* Work required
Would you output all the lines below precisely as they stand, leaving each picture out?

-- Opening Marker --

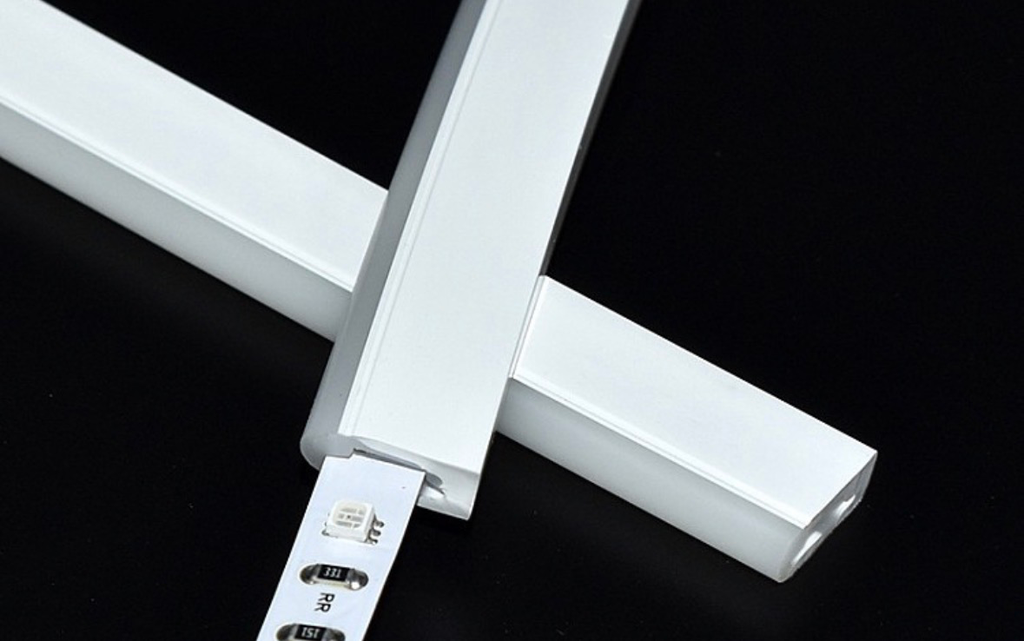 PERFIL FLEXIBLE PARA TIRA DE LED CONTRA AGUA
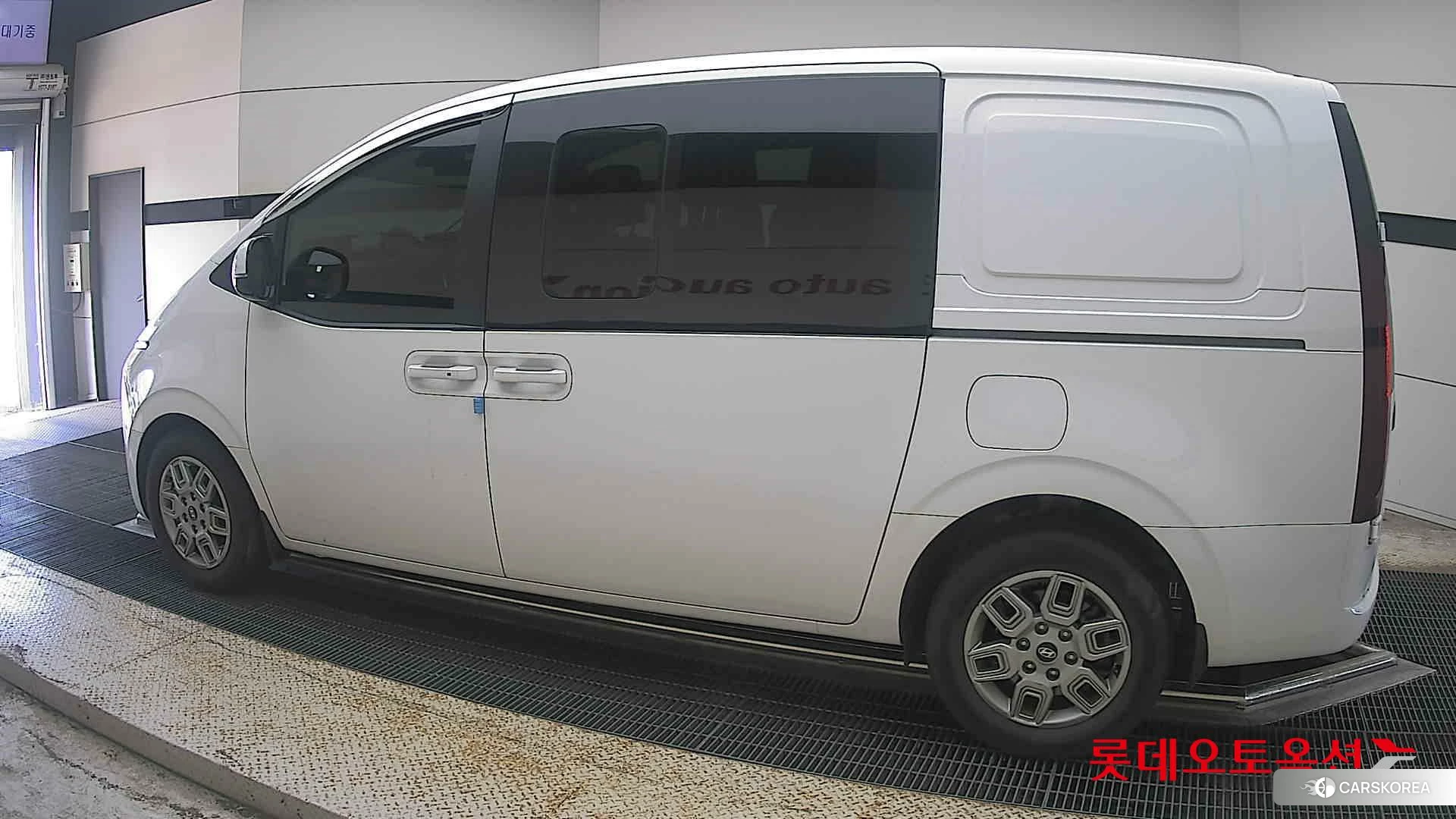 Hyundai Staria Hybrid 2025 Белый из Кореи, фото 2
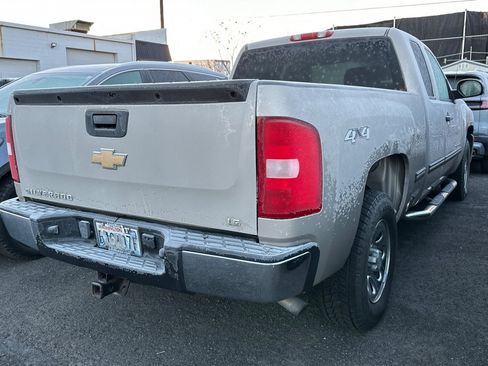 Used 2008 Chevrolet Silverado 1500 W/T w/ LS Package image 2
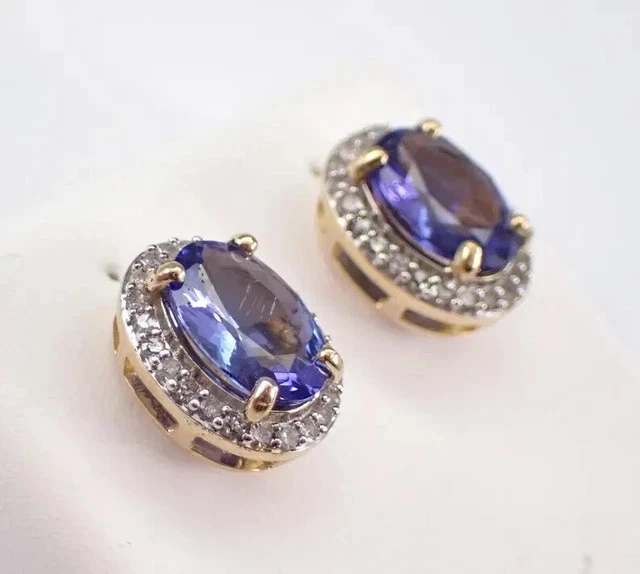 Aretes con halo de corte ovalado de 3,00 quilates de tanzanita creados en laboratorio enchapados en oro amarillo de 14 quilates Foto 4 de 4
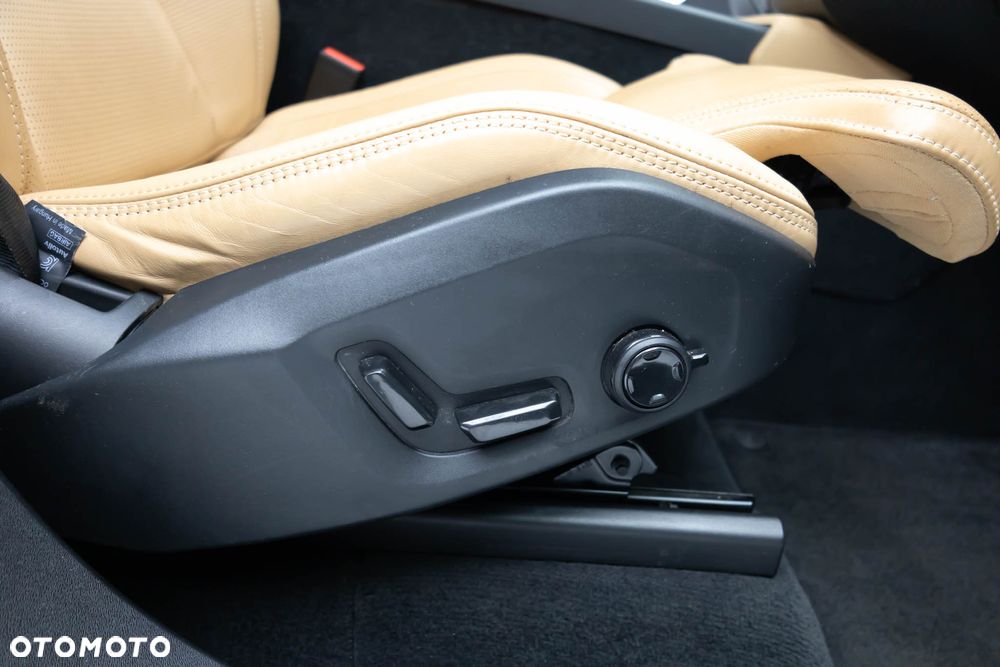 Volvo XC 90 T8 AWD Recharge Ultimate Bright - 33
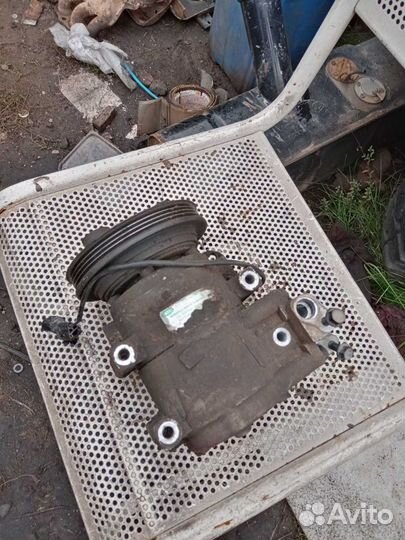 Компрессор кондиционера KIA spectra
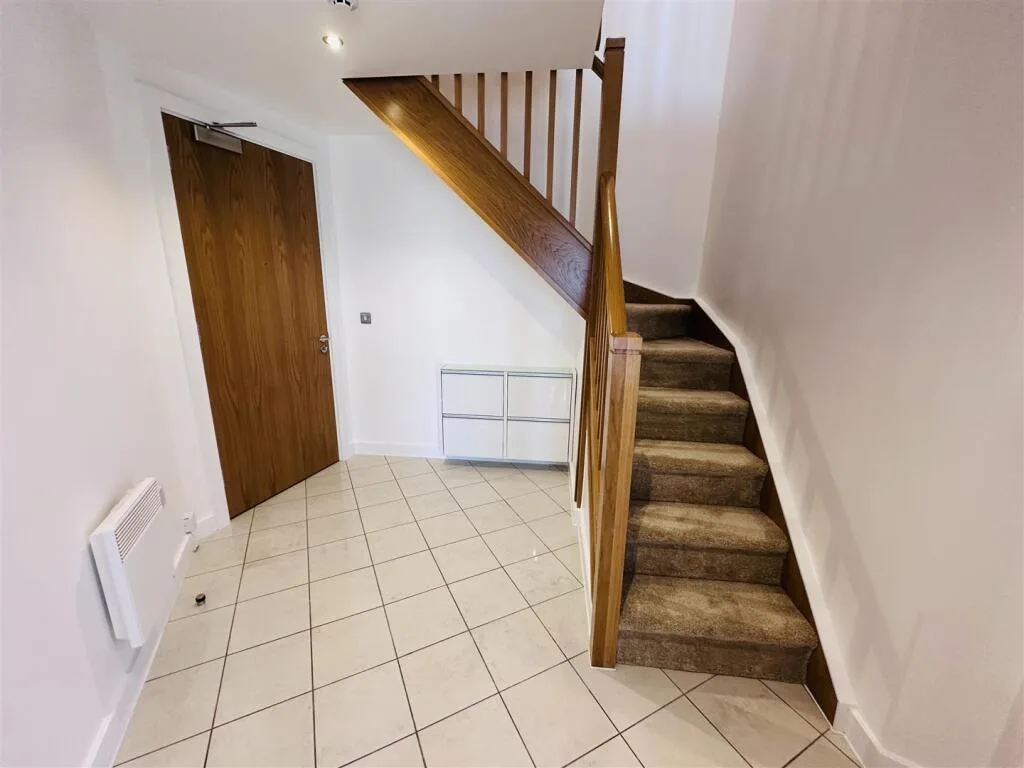 2 bedroom duplex for rent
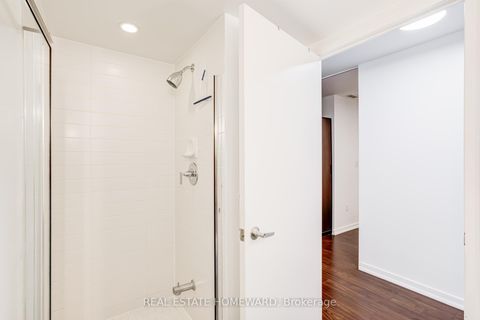 Photo 20 at 1916 - 4K Spadina Avenue, Waterfront Communities C1, Toronto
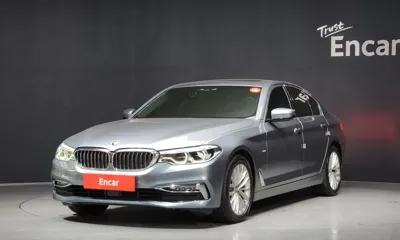 BMW 5-Series · 2018 год
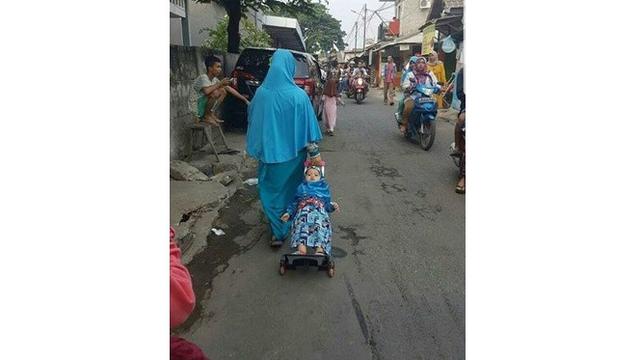 6 Kelakuan Lucu Orang Tua Pada Anak Ini Bikin Ketawa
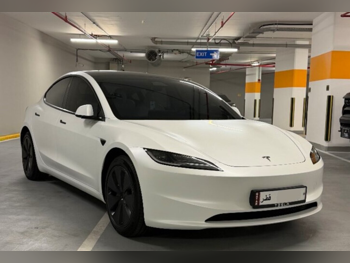 Tesla  Model 3  Long Range  2024  Tiptronic  16,000 Km  4 Cylinder  All Wheel Drive (AWD)  Sedan  White Matte  With Warranty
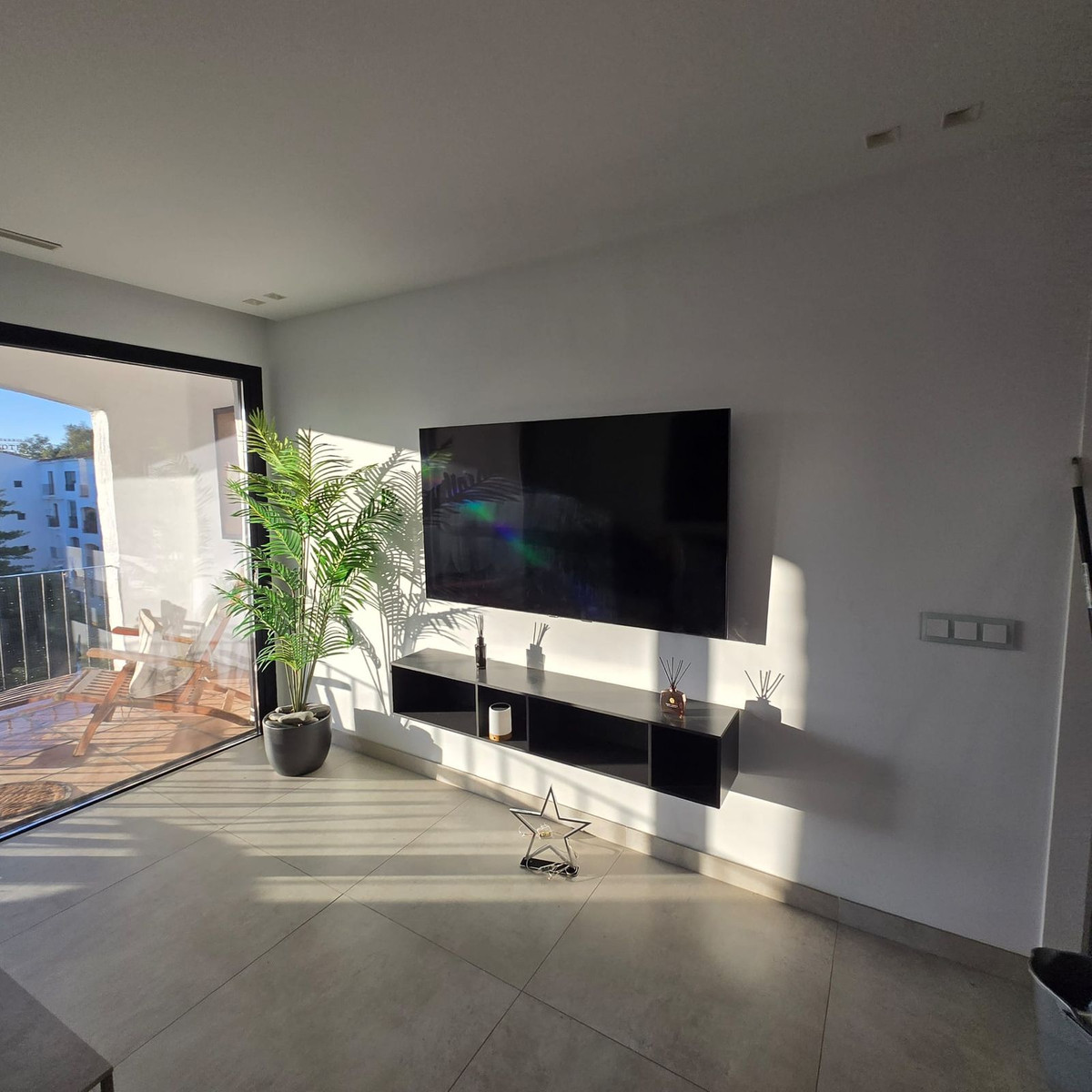3 Bedroom Apartment for Sale in Puerto Banús — 6
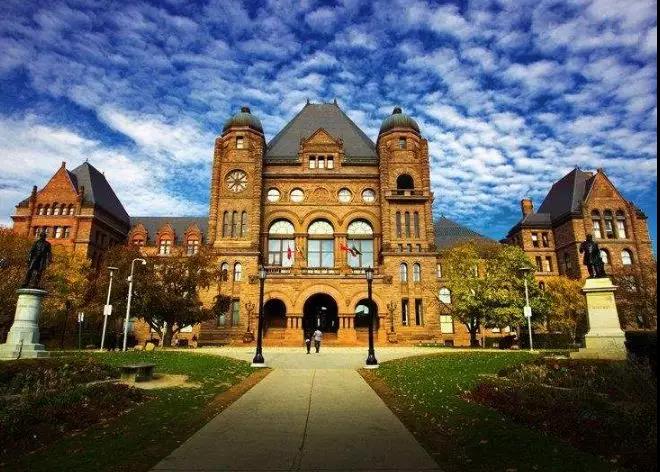 2020年麦考林加拿大大学排名出炉，这些大学名列前茅！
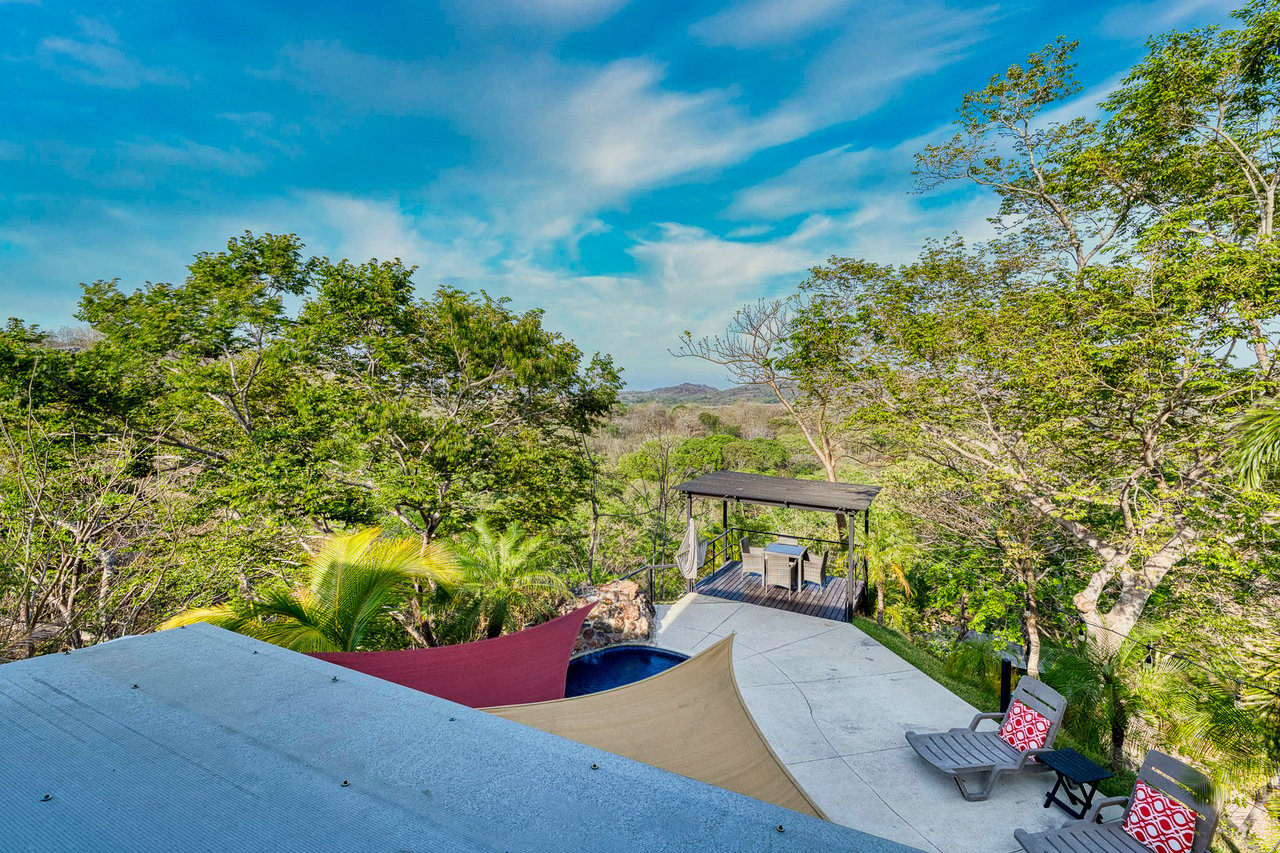 Finca Toltec | Majestic Mountaintop Ocean View Home + 4 Casitas | Ideal Retreat Centre!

-- Closing Marker --

* Task output
 PERFIL FLEXIBLE PARA TIRA DE LED CONTRA AGUA
 Hyundai Staria Hybrid 2025 Белый из Кореи, фото 2
 Used 2008 Chevrolet Silverado 1500 W/T w/ LS Package image 2
 Aretes con halo de corte ovalado de 3,00 quilates de tanzanita creados en laboratorio enchapados en oro amarillo de 14 quilates Foto 4 de 4
 Volvo XC 90 T8 AWD Recharge Ultimate Bright - 33
 Компрессор кондиционера KIA spectra
 2 bedroom duplex for rent
 Photo 20 at 1916 - 4K Spadina Avenue, Waterfront Communities C1, Toronto
 BMW 5-Series · 2018 год
 6 Kelakuan Lucu Orang Tua Pada Anak Ini Bikin Ketawa
 Tesla  Model 3  Long Range  2024  Tiptronic  16,000 Km  4 Cylinder  All Wheel Drive (AWD)  Sedan  White Matte  With Warranty
3 Bedroom Apartment for Sale in Puerto Banús — 6
 2020年麦考林加拿大大学排名出炉，这些大学名列前茅！
 Finca Toltec | Majestic Mountaintop Ocean View Home + 4 Casitas | Ideal Retreat Centre!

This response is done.